[[ DATA EXCERPT open ]]

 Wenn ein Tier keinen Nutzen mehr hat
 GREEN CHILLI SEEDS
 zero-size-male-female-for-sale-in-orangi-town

[[ DATA EXCERPT closed ]]

* EXERCISE DETAILS *
Retype the material above in full, with nothing altered.

* ANSWER BELOW *
 Wenn ein Tier keinen Nutzen mehr hat
 GREEN CHILLI SEEDS
 zero-size-male-female-for-sale-in-orangi-town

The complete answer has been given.